Queues and Data Processing Jobs: FME Server and the Art of Queuing
As you might know, I’m British by birth, so queues and queueing come naturally to me.
The BBC says, the queue draws on “notions of decency, fair play and democracy.” It suggests that the queue for the Wimbledon tennis tournament is the ultimate, and having experienced it I have to agree. “The Queue” (as it’s known) even has its own official 30 page guide!
But although waiting in queues is equally fair, the actions at the end of the queue might not be. That’s why, for example, supermarkets have a special checkout for “ten items or fewer,” because one person with a monster-sized shopping list could block the queues for shoppers with just one or two items.
And when you think about it, the same issue applies to the queue in FME Server…
FME Server Queues and Engines
Up until recently FME had one queue and a number of engines. It generally worked because one particularly large job couldn’t block the queue; at most it would tie up just one engine. A user could route jobs to a particular engine, but only using config files, and could set priority only for each individual job.
However, a large organization might have multiple users submitting multiple large jobs. In that scenario these jobs could hog all the engines and cause smaller (maybe more important) jobs, to get stuck waiting.
In short, it didn’t work where an organization had a number of departments with unequal requirements, where some users needed to share just a small part of a server for a small amount of time.

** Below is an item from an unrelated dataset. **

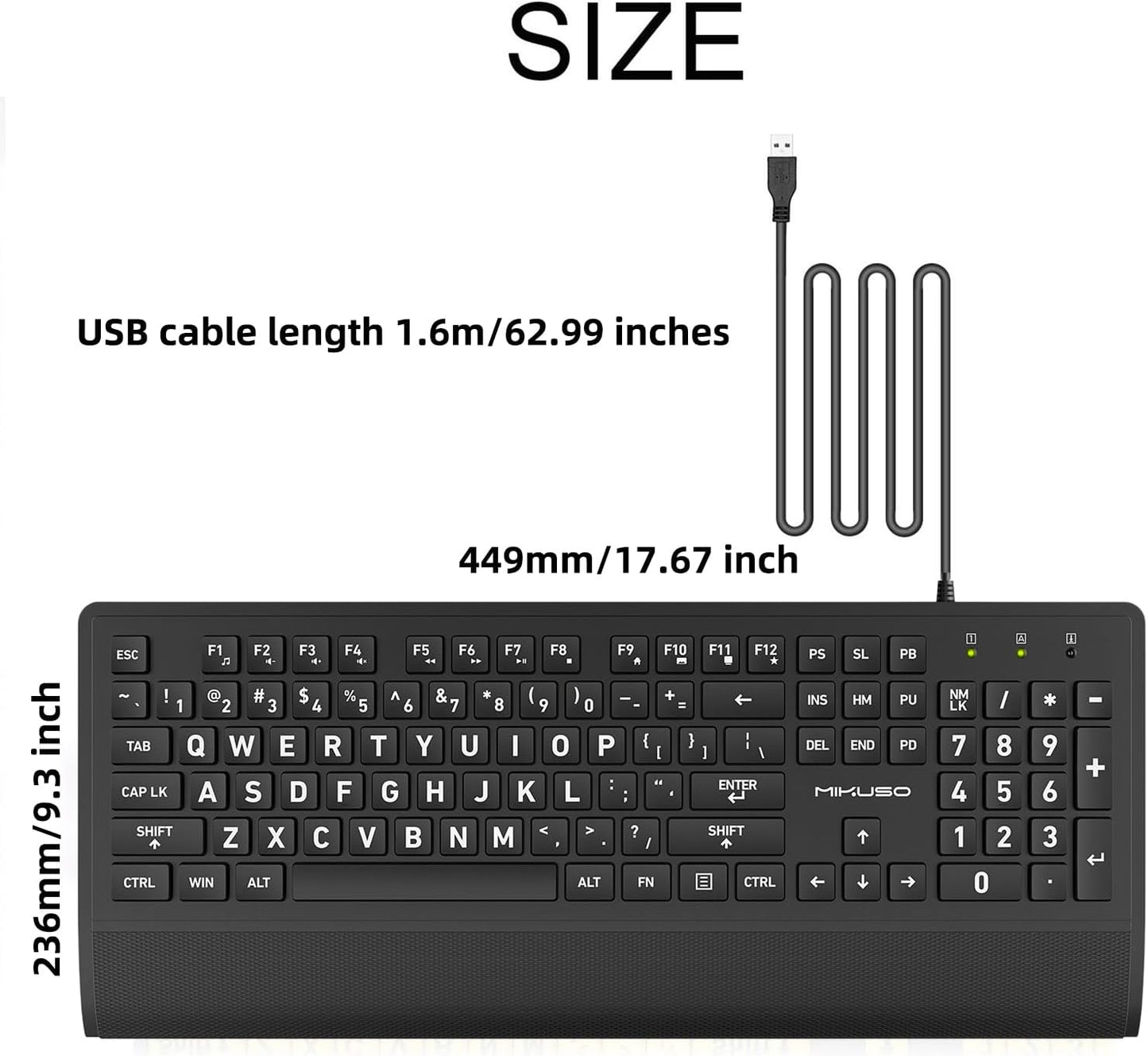MIKUSO Large Print Computer Keyboard,High Contrast Big Letter Keyboard for Seniors Visually Impaired Low Vision,Laser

So in 2018 we added the ability to create multiple queues, and map them to multiple engines. This technique Don calls Server Capacity Management.
Adding Queues and Assigning Resources
Here’s my FME Server installation as shown by the web interface. I have eight engines available:
Underneath that I have a new table displaying a single default queue, but a button with which to create others:
So I can create a queue for the knowledge team (my team at Safe) to submit jobs:
There is a Priority parameter because in 2018 you set job priority at the queue level. Job level priority is deprecated (although for now it still exists as an advanced parameter). A smaller number indicates a higher priority.
Notice that you assign the engine to the queue, not the queue to the engine. Here I’ve assigned Engine 7 to the queue, with a priority of 3. Engine 7 is also assigned to the default queue, but there its priority is 5. So if there are jobs in both queues waiting for an engine, and Engine 7 becomes free, the knowledge team jobs will get priority.
I could remove Engine 7 from the default queue completely, saving that engine only for jobs submitted to the knowledge team’s queue. Doing that makes the Priority setting redundant. Priority only has an effect where assigning the same engine to multiple queues.
You’ll also have spotted that each repository can be assigned to a queue. Like engines, I assign the repository to the queue, not the queue to the repository. Unlike engines, each repository is assigned to a maximum of one queue. If I add a repository to a second queue, it must be removed from the first:
By default, FME assigns all jobs to the queue of their respective workspace repository.
So I could set up a Knowledge Team repository and assign that repository to a Knowledge Team queue. Or I might assign a Knowledge Team repository to a “Safe Staff” queue along with a Support Team repository, a Sales Team repository, etc.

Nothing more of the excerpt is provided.